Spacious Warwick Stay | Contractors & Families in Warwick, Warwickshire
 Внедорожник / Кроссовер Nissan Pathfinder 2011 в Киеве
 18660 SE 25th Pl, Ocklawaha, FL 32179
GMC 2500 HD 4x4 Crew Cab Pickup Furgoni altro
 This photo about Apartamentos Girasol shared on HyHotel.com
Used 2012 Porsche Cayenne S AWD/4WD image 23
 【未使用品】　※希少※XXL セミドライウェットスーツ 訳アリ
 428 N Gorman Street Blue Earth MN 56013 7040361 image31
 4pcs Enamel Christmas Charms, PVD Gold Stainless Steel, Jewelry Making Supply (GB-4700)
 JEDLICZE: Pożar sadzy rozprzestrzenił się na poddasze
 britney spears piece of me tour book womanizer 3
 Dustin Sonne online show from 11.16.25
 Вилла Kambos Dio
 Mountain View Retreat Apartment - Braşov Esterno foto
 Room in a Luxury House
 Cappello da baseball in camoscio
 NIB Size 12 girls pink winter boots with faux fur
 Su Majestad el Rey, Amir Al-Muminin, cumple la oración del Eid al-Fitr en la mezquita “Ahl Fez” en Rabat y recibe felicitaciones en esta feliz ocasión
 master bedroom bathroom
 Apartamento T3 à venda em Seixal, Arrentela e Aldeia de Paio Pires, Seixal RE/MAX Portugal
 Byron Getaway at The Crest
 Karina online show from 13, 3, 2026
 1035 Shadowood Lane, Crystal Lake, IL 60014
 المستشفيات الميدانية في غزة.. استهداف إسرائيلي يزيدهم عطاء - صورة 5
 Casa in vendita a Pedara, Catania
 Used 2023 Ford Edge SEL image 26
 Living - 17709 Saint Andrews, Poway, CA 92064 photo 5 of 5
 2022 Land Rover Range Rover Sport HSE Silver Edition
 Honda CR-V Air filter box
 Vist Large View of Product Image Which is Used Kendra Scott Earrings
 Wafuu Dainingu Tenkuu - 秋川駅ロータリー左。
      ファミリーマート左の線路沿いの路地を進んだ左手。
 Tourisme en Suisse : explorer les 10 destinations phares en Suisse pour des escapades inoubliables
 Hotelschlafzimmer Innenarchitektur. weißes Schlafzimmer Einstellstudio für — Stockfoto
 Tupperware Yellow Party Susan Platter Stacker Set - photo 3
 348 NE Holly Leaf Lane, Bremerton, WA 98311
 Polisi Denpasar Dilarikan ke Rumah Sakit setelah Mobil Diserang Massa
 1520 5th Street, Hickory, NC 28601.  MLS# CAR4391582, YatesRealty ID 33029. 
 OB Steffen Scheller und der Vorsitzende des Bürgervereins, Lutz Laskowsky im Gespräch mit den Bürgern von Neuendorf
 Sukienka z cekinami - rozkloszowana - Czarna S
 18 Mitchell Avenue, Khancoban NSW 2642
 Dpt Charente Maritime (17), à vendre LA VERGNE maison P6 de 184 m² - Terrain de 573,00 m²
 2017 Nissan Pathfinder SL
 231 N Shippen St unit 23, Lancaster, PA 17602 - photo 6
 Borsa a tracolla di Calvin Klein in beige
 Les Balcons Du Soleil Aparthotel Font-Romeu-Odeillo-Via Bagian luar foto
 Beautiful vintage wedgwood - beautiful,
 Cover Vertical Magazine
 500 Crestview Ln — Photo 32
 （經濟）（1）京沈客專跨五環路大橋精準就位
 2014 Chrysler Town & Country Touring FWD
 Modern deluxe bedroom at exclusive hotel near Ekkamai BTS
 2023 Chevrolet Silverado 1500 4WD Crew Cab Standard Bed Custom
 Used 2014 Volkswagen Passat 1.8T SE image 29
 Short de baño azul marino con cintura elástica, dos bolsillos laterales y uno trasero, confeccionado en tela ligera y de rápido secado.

▶ [How to complete this task] Your task is to output the full set of records exactly as presented.

▶ [Expected answer]
Spacious Warwick Stay | Contractors & Families in Warwick, Warwickshire
 Внедорожник / Кроссовер Nissan Pathfinder 2011 в Киеве
 18660 SE 25th Pl, Ocklawaha, FL 32179
GMC 2500 HD 4x4 Crew Cab Pickup Furgoni altro
 This photo about Apartamentos Girasol shared on HyHotel.com
Used 2012 Porsche Cayenne S AWD/4WD image 23
 【未使用品】　※希少※XXL セミドライウェットスーツ 訳アリ
 428 N Gorman Street Blue Earth MN 56013 7040361 image31
 4pcs Enamel Christmas Charms, PVD Gold Stainless Steel, Jewelry Making Supply (GB-4700)
 JEDLICZE: Pożar sadzy rozprzestrzenił się na poddasze
 britney spears piece of me tour book womanizer 3
 Dustin Sonne online show from 11.16.25
 Вилла Kambos Dio
 Mountain View Retreat Apartment - Braşov Esterno foto
 Room in a Luxury House
 Cappello da baseball in camoscio
 NIB Size 12 girls pink winter boots with faux fur
 Su Majestad el Rey, Amir Al-Muminin, cumple la oración del Eid al-Fitr en la mezquita “Ahl Fez” en Rabat y recibe felicitaciones en esta feliz ocasión
 master bedroom bathroom
 Apartamento T3 à venda em Seixal, Arrentela e Aldeia de Paio Pires, Seixal RE/MAX Portugal
 Byron Getaway at The Crest
 Karina online show from 13, 3, 2026
 1035 Shadowood Lane, Crystal Lake, IL 60014
 المستشفيات الميدانية في غزة.. استهداف إسرائيلي يزيدهم عطاء - صورة 5
 Casa in vendita a Pedara, Catania
 Used 2023 Ford Edge SEL image 26
 Living - 17709 Saint Andrews, Poway, CA 92064 photo 5 of 5
 2022 Land Rover Range Rover Sport HSE Silver Edition
 Honda CR-V Air filter box
 Vist Large View of Product Image Which is Used Kendra Scott Earrings
 Wafuu Dainingu Tenkuu - 秋川駅ロータリー左。
      ファミリーマート左の線路沿いの路地を進んだ左手。
 Tourisme en Suisse : explorer les 10 destinations phares en Suisse pour des escapades inoubliables
 Hotelschlafzimmer Innenarchitektur. weißes Schlafzimmer Einstellstudio für — Stockfoto
 Tupperware Yellow Party Susan Platter Stacker Set - photo 3
 348 NE Holly Leaf Lane, Bremerton, WA 98311
 Polisi Denpasar Dilarikan ke Rumah Sakit setelah Mobil Diserang Massa
 1520 5th Street, Hickory, NC 28601.  MLS# CAR4391582, YatesRealty ID 33029. 
 OB Steffen Scheller und der Vorsitzende des Bürgervereins, Lutz Laskowsky im Gespräch mit den Bürgern von Neuendorf
 Sukienka z cekinami - rozkloszowana - Czarna S
 18 Mitchell Avenue, Khancoban NSW 2642
 Dpt Charente Maritime (17), à vendre LA VERGNE maison P6 de 184 m² - Terrain de 573,00 m²
 2017 Nissan Pathfinder SL
 231 N Shippen St unit 23, Lancaster, PA 17602 - photo 6
 Borsa a tracolla di Calvin Klein in beige
 Les Balcons Du Soleil Aparthotel Font-Romeu-Odeillo-Via Bagian luar foto
 Beautiful vintage wedgwood - beautiful,
 Cover Vertical Magazine
 500 Crestview Ln — Photo 32
 （經濟）（1）京沈客專跨五環路大橋精準就位
 2014 Chrysler Town & Country Touring FWD
 Modern deluxe bedroom at exclusive hotel near Ekkamai BTS
 2023 Chevrolet Silverado 1500 4WD Crew Cab Standard Bed Custom
 Used 2014 Volkswagen Passat 1.8T SE image 29
 Short de baño azul marino con cintura elástica, dos bolsillos laterales y uno trasero, confeccionado en tela ligera y de rápido secado.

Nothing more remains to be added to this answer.